Manuel de la vie sauvage – Jean-Philippe Baril-Guérard

Le comment du pourquoi

J’avoue que sans le prix de libraires du Québec, je n’aurais jamais lu ce roman. Et j’aurais manqué quelque chose! Parce que j’ai adoré ce roman très peu politically correct au ton décalé.

De quoi ça parle

Kevin est un jeune entrepreneur et ce roman, c’est sa success story à la québécoise. Il va nous raconter comment ses échecs initiaux l’ont formé et lui ont permis de comprendre le monde des affaires et devenir millionnaire. Vite. Et jeune. C’est qu’il veut nous donner sa recette, voyez-vous, pour que vous puissiez devenir comme lui.

Mon avis

Ce roman, c’est jubilatoire. On ne parle pas ici d’un style hors du commun ou d’une prose extraordinaire, mais il y a quelque chose dans le ton, dans la narration, qui accroche le lecteur. Serait-ce parce que le narrateur s’adresse directement à nous ou parce que sa façon de présenter les choses en justifiant ses actes selon une morale lui est bien particulière? En tout cas, il a réussi à m’intéresser à un thème qui ne me tente normalement moins que pas, l’argent et la réussite, et ça, ce n’est pas rien.
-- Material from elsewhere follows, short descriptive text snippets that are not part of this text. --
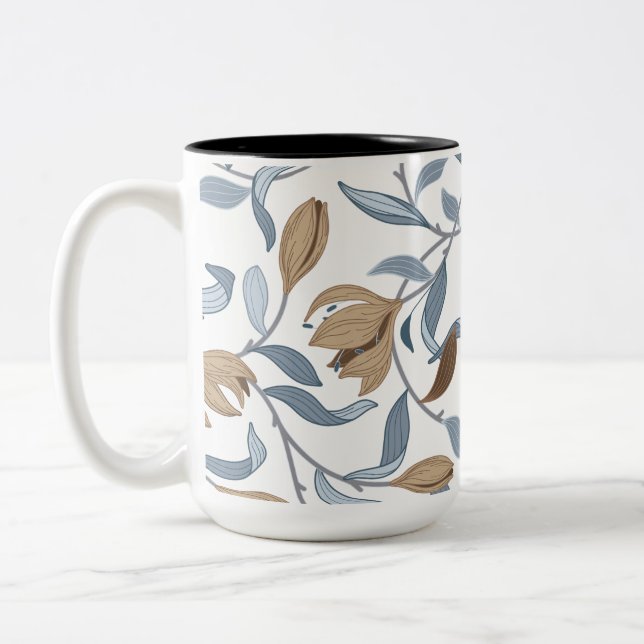 William Morris Inspired Elegant Blommigt Två-Tonad Mugg (Vänster)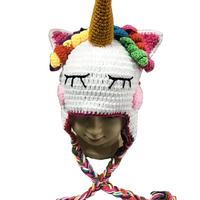 Gorro de Unicornio de Ganchillo de Alta Calidad, Lindo Gorro de Punto con Forma de Animal para Bebé, Niño o Niña, para Otoño o Primavera, Estilo de Dibujos Animados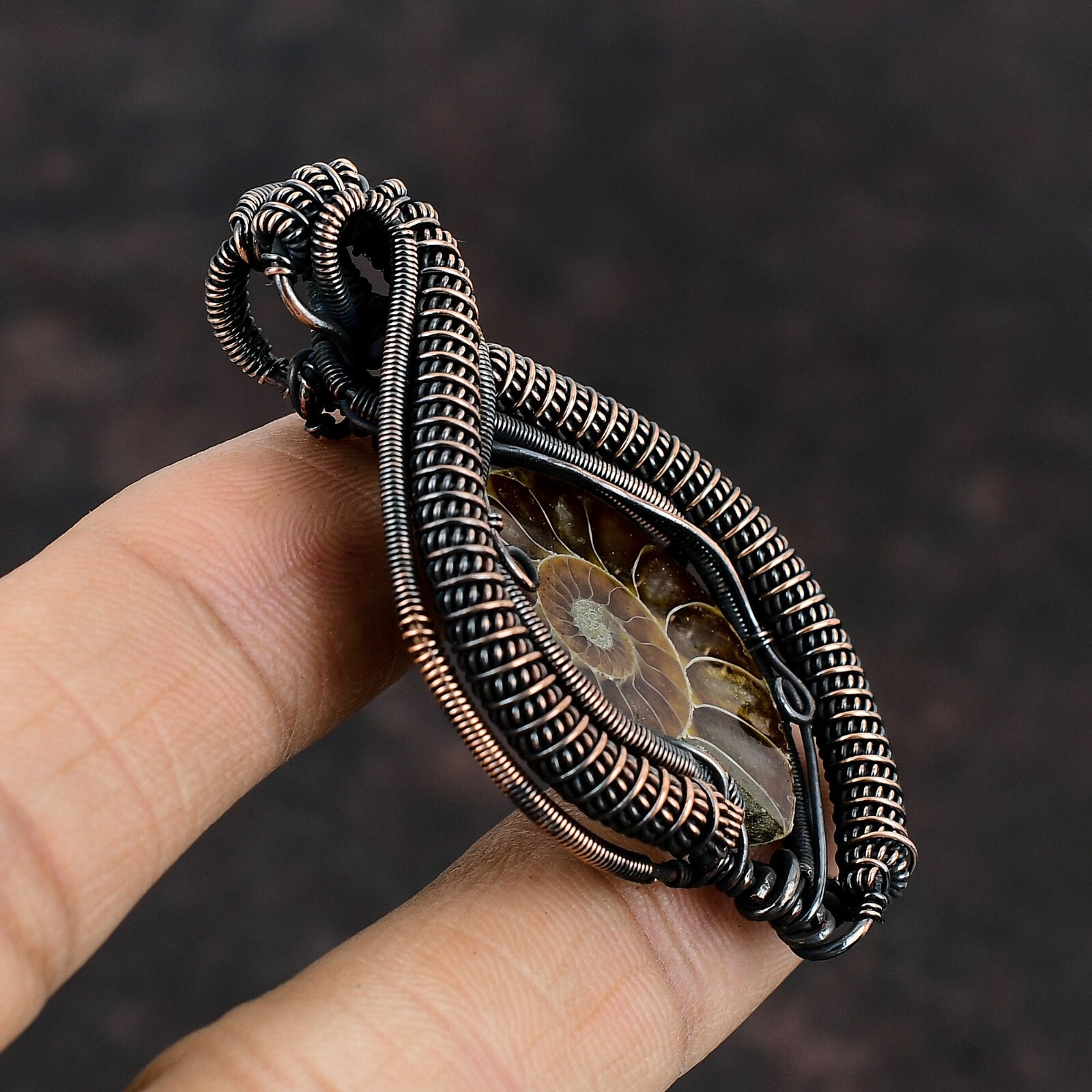 Ammonite Fossil Jewelry Copper Gift For Bridesmaid Wire Wrapped Pendant 2.36″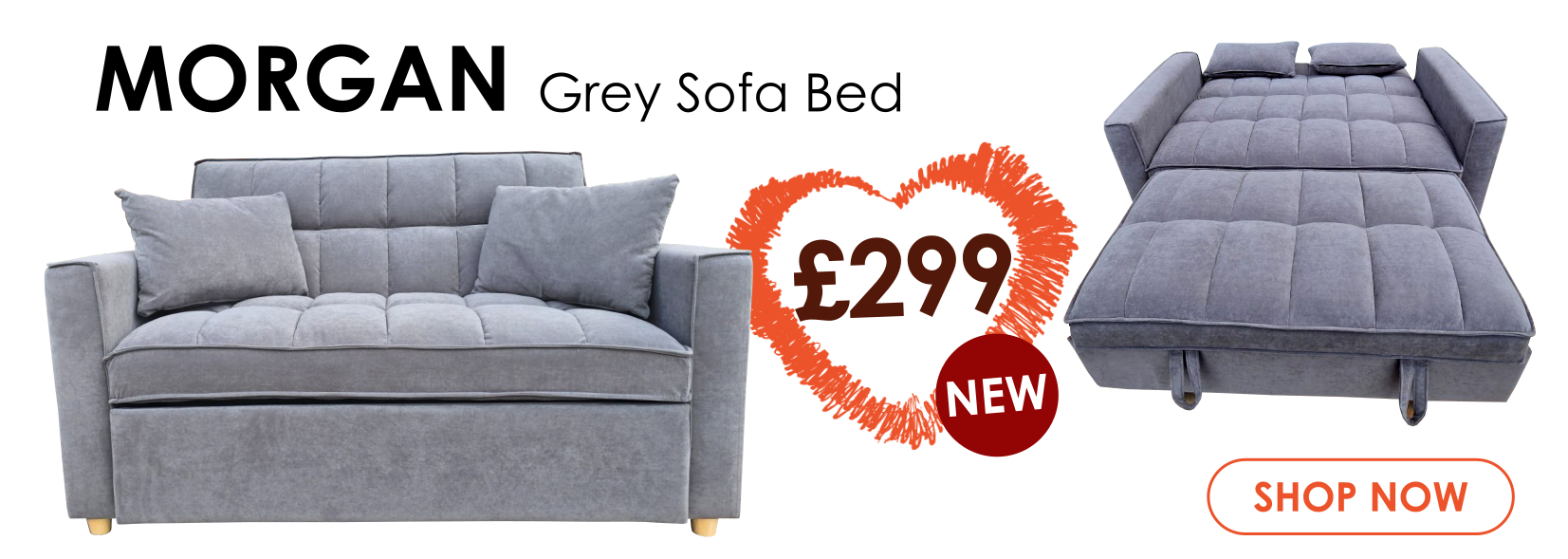 Morgan Grey Sofa Bed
Kévin Bédard hait son prénom. Issu d’une famille de nouveaux riches de banlieue, un Kévin, selon lui, ça tranche avec les autres prénoms de Bréboeuf. Il hait ce que représente son père mais il veut devenir riche. Par lui-même. Mais pas riche un peu, là. Il ne lui reste qu’à trouver l’idée. Et c’est à partir des chatbots, ceux qui répondent au service à la clientèle, qu’il va trouver un moyen… de communiquer avec les morts. Rien de moins. Ça promet hein!

Kévin de nous cache rien. Ses erreurs, les fois où il s’est fait avoir comme un bleu, les gens qui l’ont trahi, les fois où il a raté son coup et les fois où ça été un succès encore plus incroyable que ce à quoi il avait pu rêver. Il nous raconte aussi, avec un ton détaché, ses propres trahisons et ceux qu’il a laissés derrière lui. On rit (mais jaune… jaune foncé), on est étonné, révolté et touché par cette satire sociale qui nous parle du monde des start-ups, qui est tout univers à lui tout seul.

Le personnage principal ne fait pas dans la langue de bois et met ainsi en lumière des faits qu’on préférerait ne pas voir. C’est cruel, amoral (mais légal, comme le dirait Kévin) et les dialogues sont criants de vérité. Limite que je verrais bien ce roman en pièce de théâtre. Me semble que ça passerait bien!

Une belle découverte donc. Merci le prix des libraires.

(2 commentaires)

  1. Un personnage qui a l’air passionnant. Noté.

  2. Je ne connaissais pas ce livre. Il m’apparaît très différent! Merci pour cette découverte!